But in November, six industry groups — the National Association of Private Fund Managers, Alternative Investment Management Association, American Investment Council, Loan Syndications and Trading Association, Managed Funds Association, and National Venture Capital Association — filed a brief in the 5th U.S. Circuit Court of Appeals in New Orleans, arguing the rule unlawfully restricts the longstanding, widely used business arrangements of private funds and their investors. The groups claimed the rule exceeds the SEC's statutory authority; that the agency failed to provide the public a meaningful opportunity to comment on the final rule; that it did not perform an adequate cost-benefit analysis; and that the rule is arbitrary, capricious and otherwise unlawful.
In a response filed Dec. 15, the SEC said that the groups lack standing to bring the case in the 5th Circuit and even if the court disagrees with that assertion, the case still fails on its merits.
"Congress authorized the commission to adopt the rules," the SEC said in its brief, referencing the Dodd-Frank Wall Street Reform and Consumer Protection Act. "The public had a meaningful opportunity to engage with the rulemaking.
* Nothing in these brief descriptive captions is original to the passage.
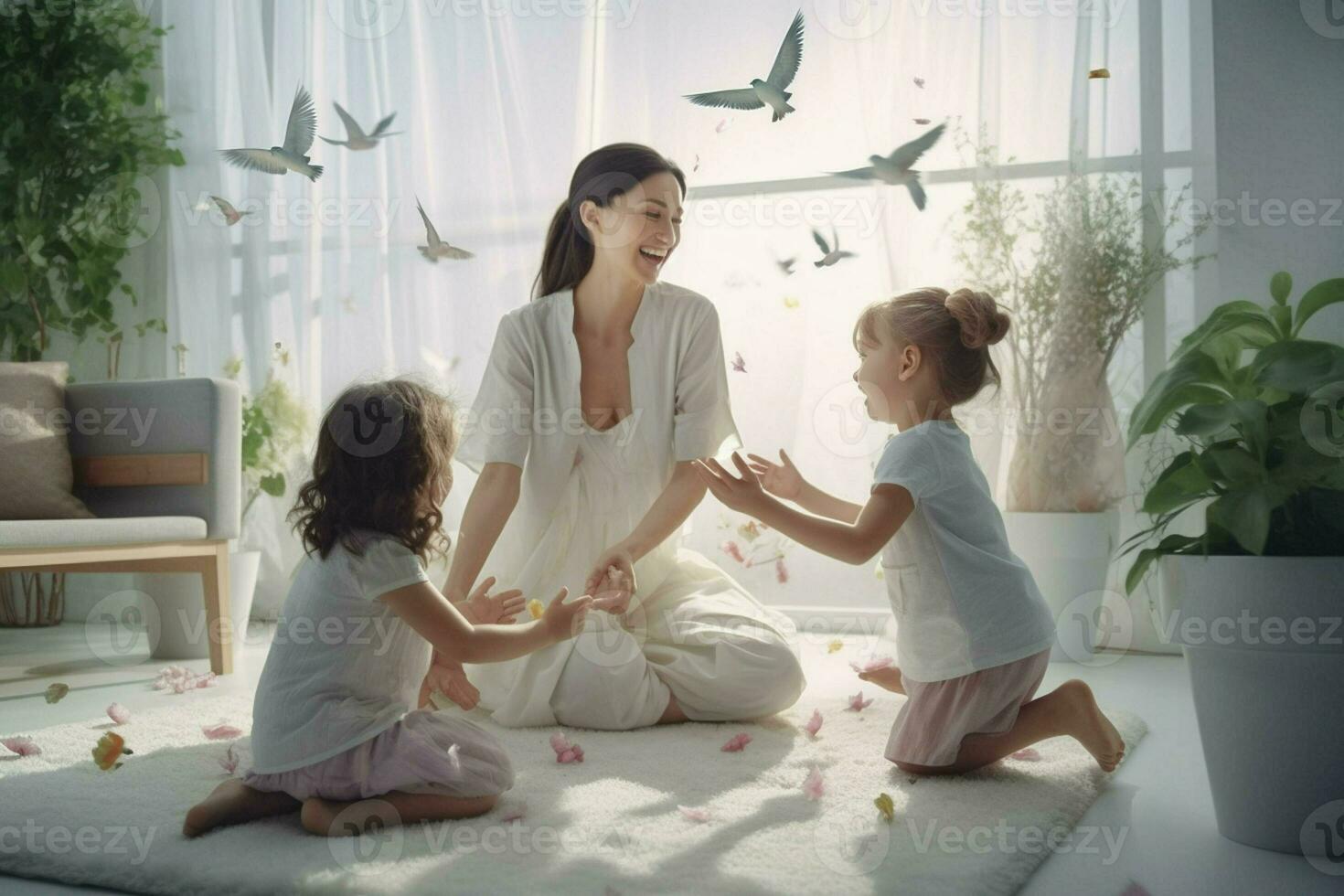 madre y su niños jugando en vivo habitación a hogar, contento familia. ai generado Pro foto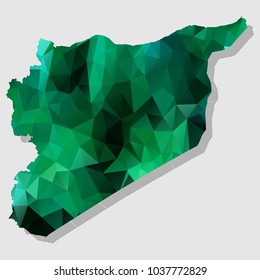 Map-Syria Map Each city combines polygon pattern emerald green eps vector illustration 10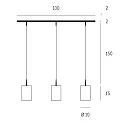 Casablanca Pendant luminaire TUBE XL, 3x E27, IP20, opal white matt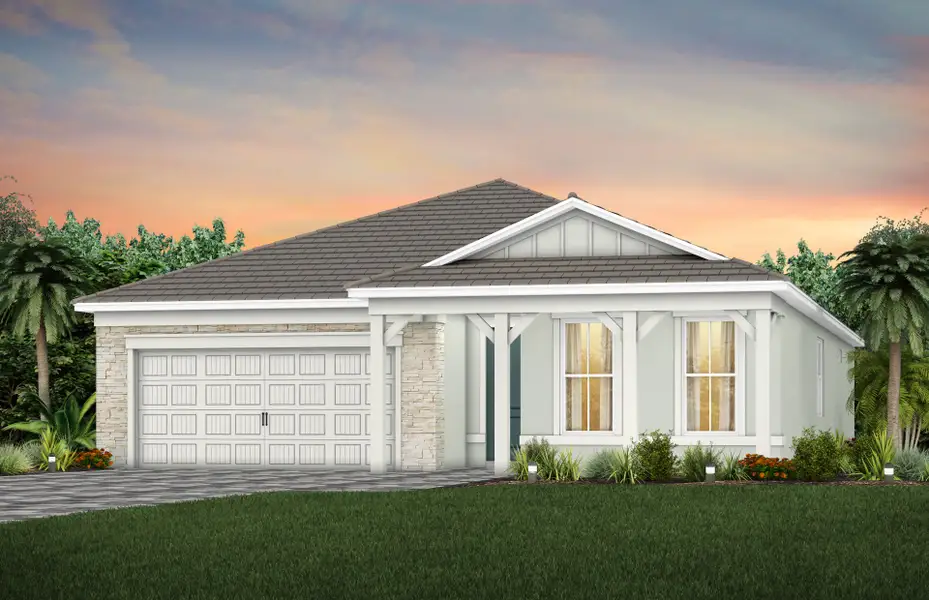 Front exterior of a new home in Costa Pointe, Vero Beach, FL, highlighting curb appeal (Image 1). Front exterior of a new home in Costa Pointe, Vero Beach, FL, highlighting curb appeal (Image 1).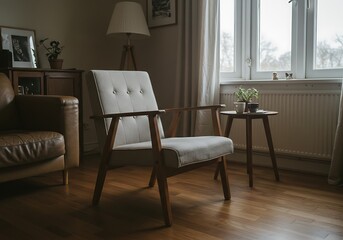 Fototapeta premium Comfortable Armchair in a Cozy Living Room Setting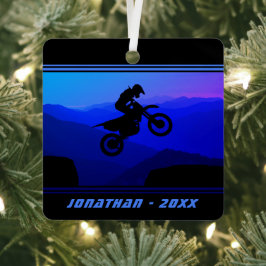 パーソナライズされたDirt Bike Motocrossクリスマス メタルオーナメント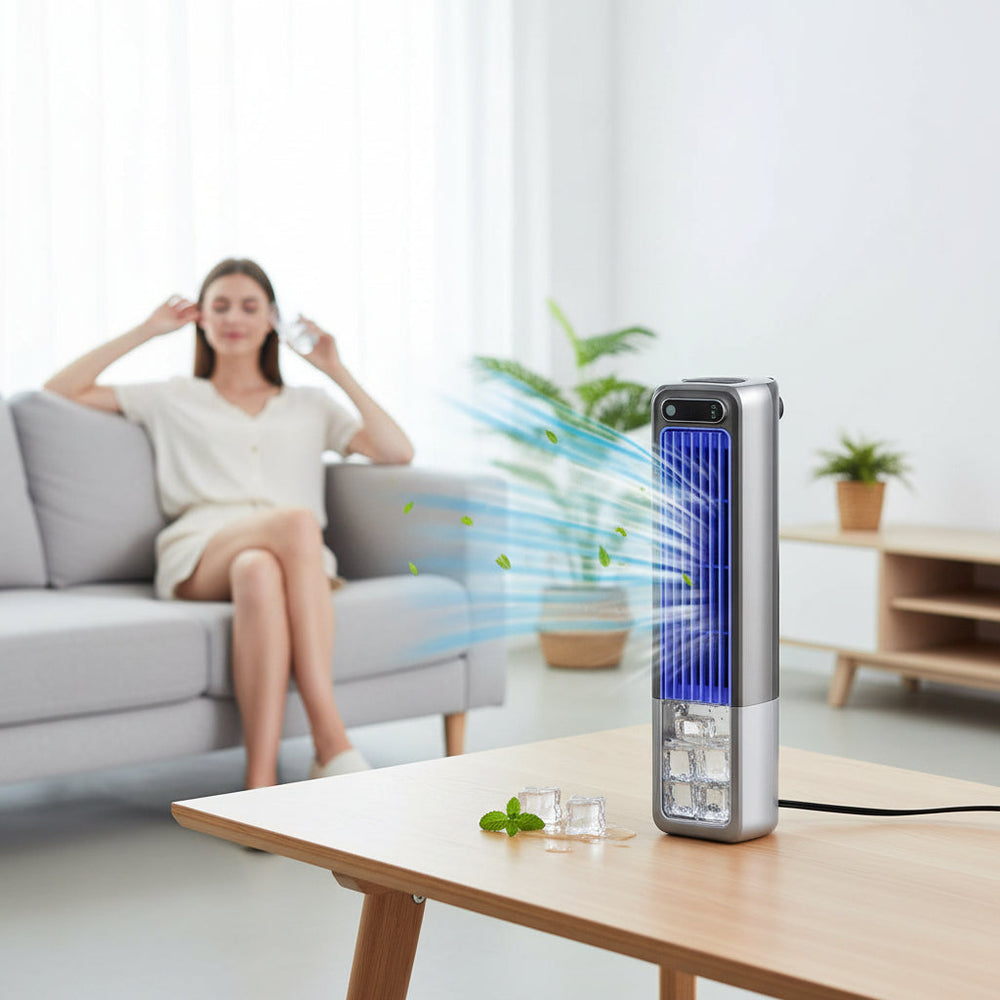Portable Fan Tower Cooling Compact Desk Adjustable Desktop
And the commission reasonably explained its decision to adopt the rules, reasonably assessed the rules' likely economic effects, and provided reasonable interpretations of the federal fiduciary duty imposed by the Advisers Act."
The SEC also said that it moderated the proposed rule package based on comments it received from the public and reiterated their importance.
"Private-fund investments 'are often opaque, and advisers do not frequently or consistently provide investors with sufficiently detailed information' to allow 'even sophisticated investors' to 'understand the fees and expenses they are paying, the risks they are assuming, and the performance they are achieving in return,'" the SEC said in its brief, citing text from the final rule.